**MATERIALS PROVIDED**:
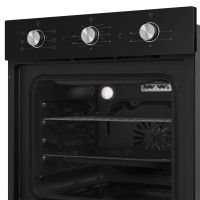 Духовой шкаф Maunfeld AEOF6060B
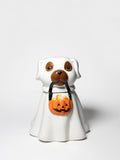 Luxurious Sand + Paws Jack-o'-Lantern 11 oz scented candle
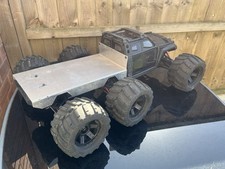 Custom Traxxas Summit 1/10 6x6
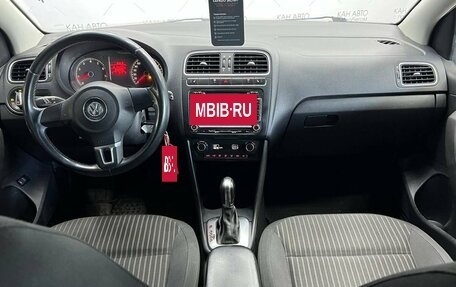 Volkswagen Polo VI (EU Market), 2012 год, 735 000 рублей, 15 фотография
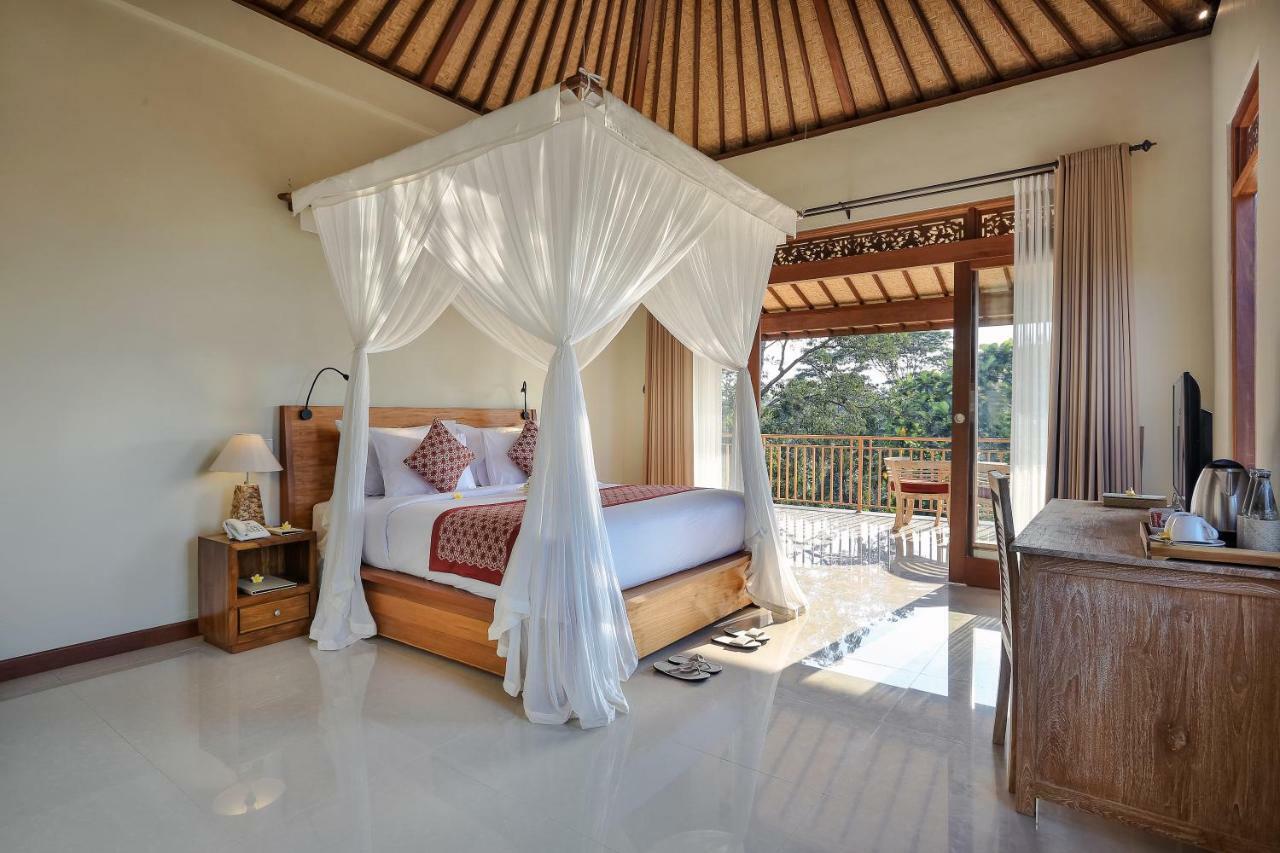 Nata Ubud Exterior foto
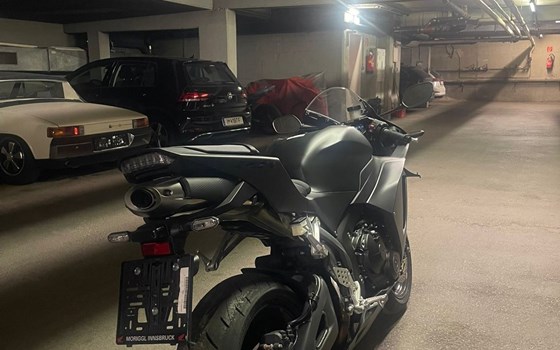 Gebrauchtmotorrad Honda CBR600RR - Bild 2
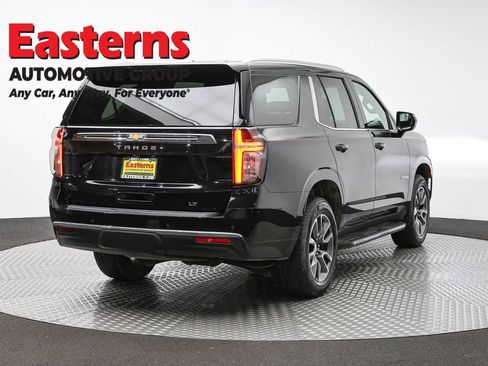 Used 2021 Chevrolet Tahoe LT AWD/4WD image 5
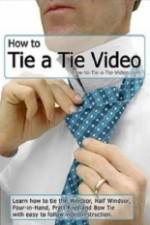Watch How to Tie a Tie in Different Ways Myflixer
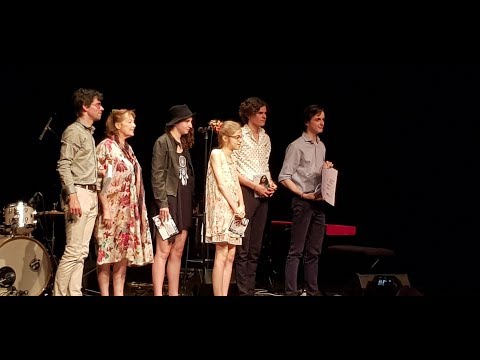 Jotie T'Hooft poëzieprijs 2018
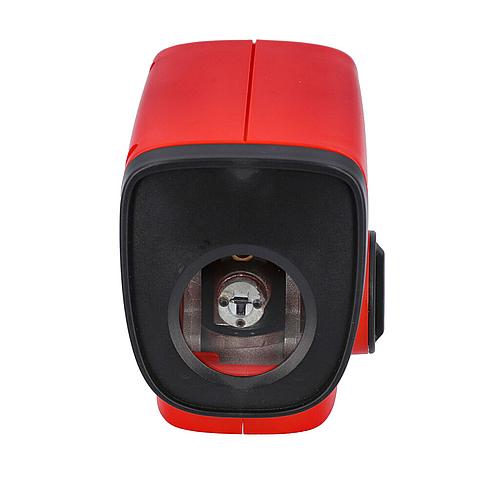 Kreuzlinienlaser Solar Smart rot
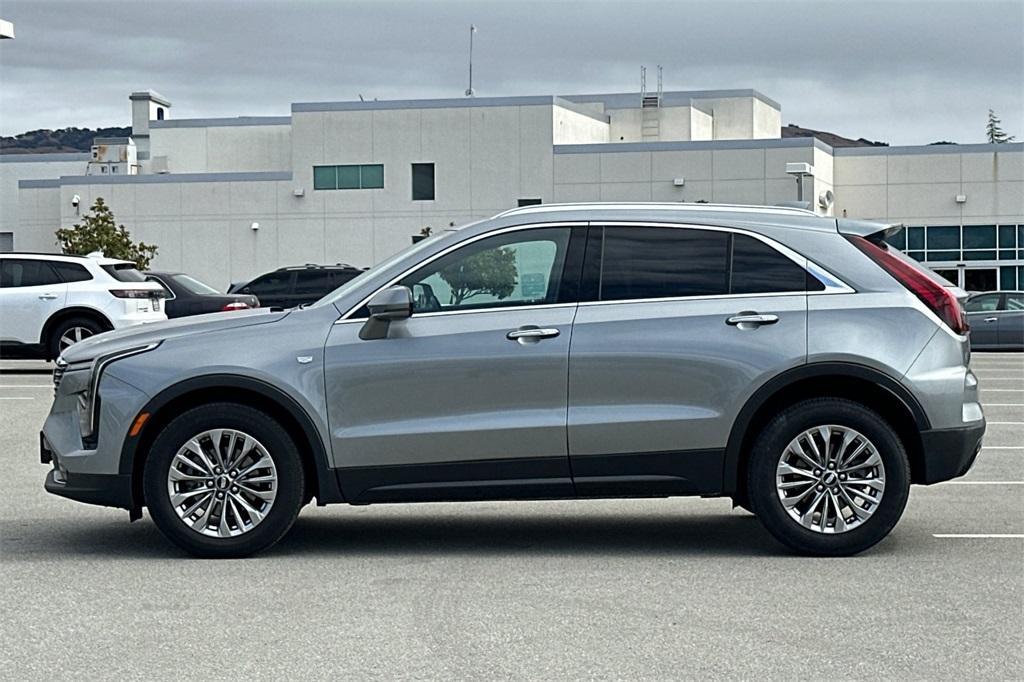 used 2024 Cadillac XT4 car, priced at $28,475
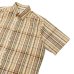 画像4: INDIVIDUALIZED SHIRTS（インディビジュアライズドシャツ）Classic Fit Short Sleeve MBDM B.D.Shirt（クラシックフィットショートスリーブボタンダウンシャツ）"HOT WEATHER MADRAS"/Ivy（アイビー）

**DIRECTIONS**: Output only the lines that run from the line containing "Used 2021 Chevrolet Tahoe LT AWD/4WD image 5" to the last line of the data, exactly as they stand and without pictures.

**SOLVED PROBLEM**:
 Used 2021 Chevrolet Tahoe LT AWD/4WD image 5
Watch How to Tie a Tie in Different Ways Myflixer
 Jotie T'Hooft poëzieprijs 2018
 Kreuzlinienlaser Solar Smart rot
 used 2024 Cadillac XT4 car, priced at $28,475
 画像4: INDIVIDUALIZED SHIRTS（インディビジュアライズドシャツ）Classic Fit Short Sleeve MBDM B.D.Shirt（クラシックフィットショートスリーブボタンダウンシャツ）"HOT WEATHER MADRAS"/Ivy（アイビー）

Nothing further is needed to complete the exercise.